By James DeGiulio --
On December 4, 2009, the European Competitiveness Council unanimously adopted a legislative package designed to create a single EU patent and EU patent court. In a press release issued by the Council of the EU, the Council concluded that enhancing the patent system in Europe is a necessary prerequisite for boosting growth through innovation and for helping European business. The EU patent reform package is designed to circumvent many of the impediments to innovation that European companies face, including the high prosecution costs of filing in multiple countries and the legal uncertainty of patents enforced by one country and not another. This uncertainty often leads to prolonged litigation disputes, as the average litigation case under the current fragmented system lasts for 2.8 years. Critics argue that brand pharmaceuticals take advantage of these time-consuming legal challenges to keep generics from entering the market.

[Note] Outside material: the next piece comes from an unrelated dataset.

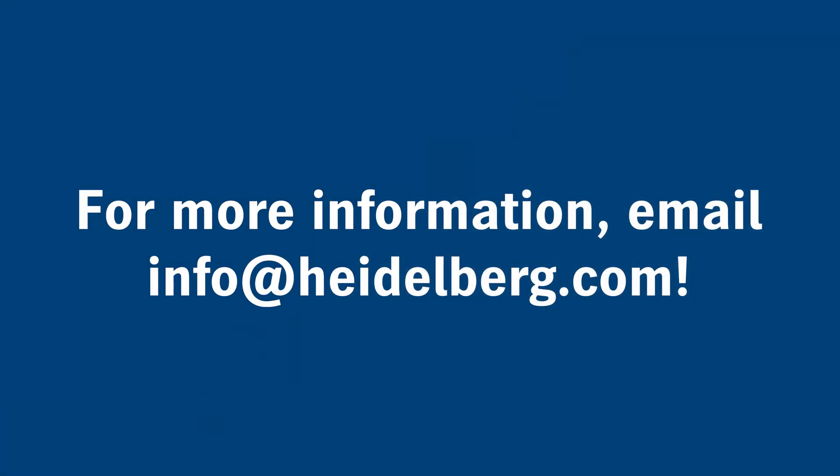Thanks for watching. For more information, email us at info@heidelberg.com.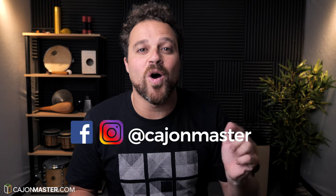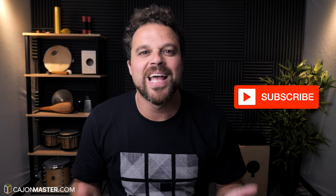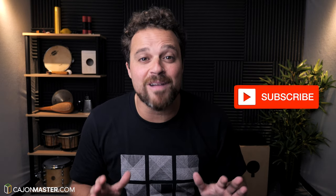Leave your comment with suggestions and opinions about topics and new grooves you want to see here on the channel. For more content, you can also follow this project on Instagram and Facebook. If you liked this video, click thumbs up. If you didn't subscribe yet, subscribe to the channel. Thank you so much for watching. See you very soon in the next Cajon Master video. Bye.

Under the current system, the European Patent Office (EPO) serves as the primary examining body in Europe, but the issuance of patent rights are still handled by individual countries. Under the proposed reform package, rather than each country granting individual patents, the EPO would grant an "EU patent," which would have unitary effect in the 27 member states of the European Union. The European Commission has long argued that a fragmented patent system and the absence of a single European Patent have impeded the growth of technology companies in the EU. Indeed, according to the press release, patent protection in 13 EU states costs 11 times as much as patent protection in the United States. A similar EU patent plan was originally proposed by the European Commission in 2000 under the Lisbon strategy, but negotiations stalled in 2004 due to disagreements on language.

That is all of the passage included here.